Wiedenmann: Die deutsche Volkswirtschaft befindet sich in der schwersten Rezession seit der Nachkriegszeit. Gleichwohl bin ich verhalten optimistisch, dass sich die Lage weiter aufhellt. Allerdings wird es darauf ankommen, dass die für das kommende Jahr prognostizierte höhere Arbeitslosigkeit keine zusätzliche Abwärtsdynamik bewirkt. Das setzt für uns als eine stark exportorientierte Nation vor allem eine schrittweise Erholung der Weltkonjunktur voraus. Nach einem Einbruch unseres Exportes um voraussichtlich rund 17 % im laufenden Jahr ist für 2010 zumindest ein leichtes Plus zu erwarten. Von elementarer Bedeutung wird außerdem sein, wie nachhaltig die Finanzmärkte weiter an Vertrauen und Stabilität gewinnen. Hierzu hat der Weltfinanzgipfel in den USA ordnungspolitische Weichen gestellt. Die Europäische Zentralbank fördert zudem mit einer moderaten Zinspolitik die gesamtwirtschaftlichen Rahmenbedingungen. Flankierend dürften auch die staatlichen Stützungsmaßnahmen zum Beispiel in Form von Investitionen in die öffentliche Infrastruktur wirken. Positiv ist schließlich die erwartete niedrige Inflationsrate von etwa 0,5 % zu sehen. Dennoch ist alles in allem lediglich mit einer leichten Belebung unserer Wirtschaft zu rechnen.
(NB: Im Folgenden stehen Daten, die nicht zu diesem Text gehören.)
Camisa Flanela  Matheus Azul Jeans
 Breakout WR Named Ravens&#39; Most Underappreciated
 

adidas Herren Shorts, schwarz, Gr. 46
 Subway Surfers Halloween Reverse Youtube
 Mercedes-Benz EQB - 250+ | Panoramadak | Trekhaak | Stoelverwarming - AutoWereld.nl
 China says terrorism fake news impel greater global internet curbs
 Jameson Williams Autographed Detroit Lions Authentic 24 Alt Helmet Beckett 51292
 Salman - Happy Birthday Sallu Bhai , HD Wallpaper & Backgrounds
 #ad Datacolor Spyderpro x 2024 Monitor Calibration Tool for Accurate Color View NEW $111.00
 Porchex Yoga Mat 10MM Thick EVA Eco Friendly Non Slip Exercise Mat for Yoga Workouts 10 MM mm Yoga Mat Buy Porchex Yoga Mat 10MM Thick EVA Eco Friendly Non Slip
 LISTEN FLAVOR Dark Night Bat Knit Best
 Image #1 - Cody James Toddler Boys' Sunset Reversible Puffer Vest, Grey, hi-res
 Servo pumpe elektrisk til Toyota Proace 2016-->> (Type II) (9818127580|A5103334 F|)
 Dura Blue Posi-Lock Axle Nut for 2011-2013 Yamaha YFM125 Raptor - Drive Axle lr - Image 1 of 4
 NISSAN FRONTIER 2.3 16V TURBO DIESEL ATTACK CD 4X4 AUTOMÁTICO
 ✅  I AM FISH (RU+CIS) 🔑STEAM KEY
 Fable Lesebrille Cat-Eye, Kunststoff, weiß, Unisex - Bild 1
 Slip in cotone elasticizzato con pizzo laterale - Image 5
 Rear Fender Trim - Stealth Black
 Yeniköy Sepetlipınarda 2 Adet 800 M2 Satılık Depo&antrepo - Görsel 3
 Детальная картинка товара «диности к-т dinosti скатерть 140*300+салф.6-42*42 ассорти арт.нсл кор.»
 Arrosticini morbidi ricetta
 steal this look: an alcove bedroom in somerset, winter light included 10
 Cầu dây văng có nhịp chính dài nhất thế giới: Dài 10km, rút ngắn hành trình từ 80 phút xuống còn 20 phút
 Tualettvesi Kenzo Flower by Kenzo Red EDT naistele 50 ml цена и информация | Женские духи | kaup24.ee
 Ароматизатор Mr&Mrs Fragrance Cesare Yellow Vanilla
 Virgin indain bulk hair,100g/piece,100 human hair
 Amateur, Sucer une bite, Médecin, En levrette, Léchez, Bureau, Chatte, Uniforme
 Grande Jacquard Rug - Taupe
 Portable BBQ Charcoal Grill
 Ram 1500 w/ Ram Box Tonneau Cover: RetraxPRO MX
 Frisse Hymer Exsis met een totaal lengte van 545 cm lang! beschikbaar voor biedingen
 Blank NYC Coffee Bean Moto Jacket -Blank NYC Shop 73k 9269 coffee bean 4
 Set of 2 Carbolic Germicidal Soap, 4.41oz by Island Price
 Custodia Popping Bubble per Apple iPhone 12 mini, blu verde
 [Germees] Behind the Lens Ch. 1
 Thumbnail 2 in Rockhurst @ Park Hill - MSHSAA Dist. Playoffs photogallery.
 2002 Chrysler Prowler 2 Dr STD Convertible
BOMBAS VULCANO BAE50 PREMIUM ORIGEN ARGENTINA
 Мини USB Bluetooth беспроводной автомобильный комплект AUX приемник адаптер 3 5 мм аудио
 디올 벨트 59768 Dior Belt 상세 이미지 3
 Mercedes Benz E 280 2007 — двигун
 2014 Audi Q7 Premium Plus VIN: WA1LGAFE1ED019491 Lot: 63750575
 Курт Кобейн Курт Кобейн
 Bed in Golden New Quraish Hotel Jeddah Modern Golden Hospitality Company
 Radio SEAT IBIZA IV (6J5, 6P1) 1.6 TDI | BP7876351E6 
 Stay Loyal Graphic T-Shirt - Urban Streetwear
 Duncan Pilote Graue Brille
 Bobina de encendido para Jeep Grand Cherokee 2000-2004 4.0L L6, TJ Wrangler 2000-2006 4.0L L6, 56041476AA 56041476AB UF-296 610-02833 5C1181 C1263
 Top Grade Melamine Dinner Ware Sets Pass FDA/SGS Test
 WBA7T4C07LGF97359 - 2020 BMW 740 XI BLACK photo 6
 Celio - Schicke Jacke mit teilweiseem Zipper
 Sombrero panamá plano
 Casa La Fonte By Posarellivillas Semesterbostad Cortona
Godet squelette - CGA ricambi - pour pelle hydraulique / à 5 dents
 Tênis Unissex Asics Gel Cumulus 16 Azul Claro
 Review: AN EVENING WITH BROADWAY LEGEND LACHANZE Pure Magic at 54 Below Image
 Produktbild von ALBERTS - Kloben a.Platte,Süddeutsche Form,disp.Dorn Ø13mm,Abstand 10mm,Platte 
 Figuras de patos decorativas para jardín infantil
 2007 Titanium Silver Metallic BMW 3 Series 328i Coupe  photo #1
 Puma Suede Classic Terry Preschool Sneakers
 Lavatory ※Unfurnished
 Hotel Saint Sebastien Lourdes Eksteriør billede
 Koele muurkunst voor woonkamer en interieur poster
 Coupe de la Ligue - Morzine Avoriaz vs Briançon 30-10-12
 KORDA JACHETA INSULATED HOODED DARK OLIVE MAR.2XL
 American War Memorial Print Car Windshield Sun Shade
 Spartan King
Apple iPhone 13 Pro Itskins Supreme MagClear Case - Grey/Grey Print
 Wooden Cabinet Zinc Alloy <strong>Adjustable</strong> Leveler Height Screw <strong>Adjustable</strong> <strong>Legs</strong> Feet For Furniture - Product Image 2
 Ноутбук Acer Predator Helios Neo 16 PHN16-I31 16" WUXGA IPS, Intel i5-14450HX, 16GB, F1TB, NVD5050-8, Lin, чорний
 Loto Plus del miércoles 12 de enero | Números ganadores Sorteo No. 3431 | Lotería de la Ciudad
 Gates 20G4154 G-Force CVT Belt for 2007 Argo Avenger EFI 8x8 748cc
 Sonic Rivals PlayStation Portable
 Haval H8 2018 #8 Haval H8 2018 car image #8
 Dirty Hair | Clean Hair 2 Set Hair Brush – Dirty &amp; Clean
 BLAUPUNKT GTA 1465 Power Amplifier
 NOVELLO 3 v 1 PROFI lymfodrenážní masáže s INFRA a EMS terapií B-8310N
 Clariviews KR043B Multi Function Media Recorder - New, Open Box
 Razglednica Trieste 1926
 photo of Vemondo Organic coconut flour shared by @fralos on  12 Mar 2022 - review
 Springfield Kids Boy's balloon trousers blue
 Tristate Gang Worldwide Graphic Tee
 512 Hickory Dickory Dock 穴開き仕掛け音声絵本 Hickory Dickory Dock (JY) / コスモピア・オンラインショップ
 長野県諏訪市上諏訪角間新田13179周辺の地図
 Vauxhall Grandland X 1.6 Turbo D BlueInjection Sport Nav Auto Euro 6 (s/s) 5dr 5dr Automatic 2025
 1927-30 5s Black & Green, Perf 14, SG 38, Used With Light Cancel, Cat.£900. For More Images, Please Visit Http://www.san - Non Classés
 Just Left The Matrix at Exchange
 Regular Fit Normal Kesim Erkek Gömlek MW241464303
Für unsere genossenschaftliche Bank sind wir insgesamt zuversichtlich. Das hat die Planung für das Jahr 2010 bei unserer jüngsten Klausurtagung ergeben. Insbesondere werden wir auch weiterhin jedem vertretbaren Kreditwunsch nachkommen. Unsere Mitglieder und Kunden können sich auf uns verlassen.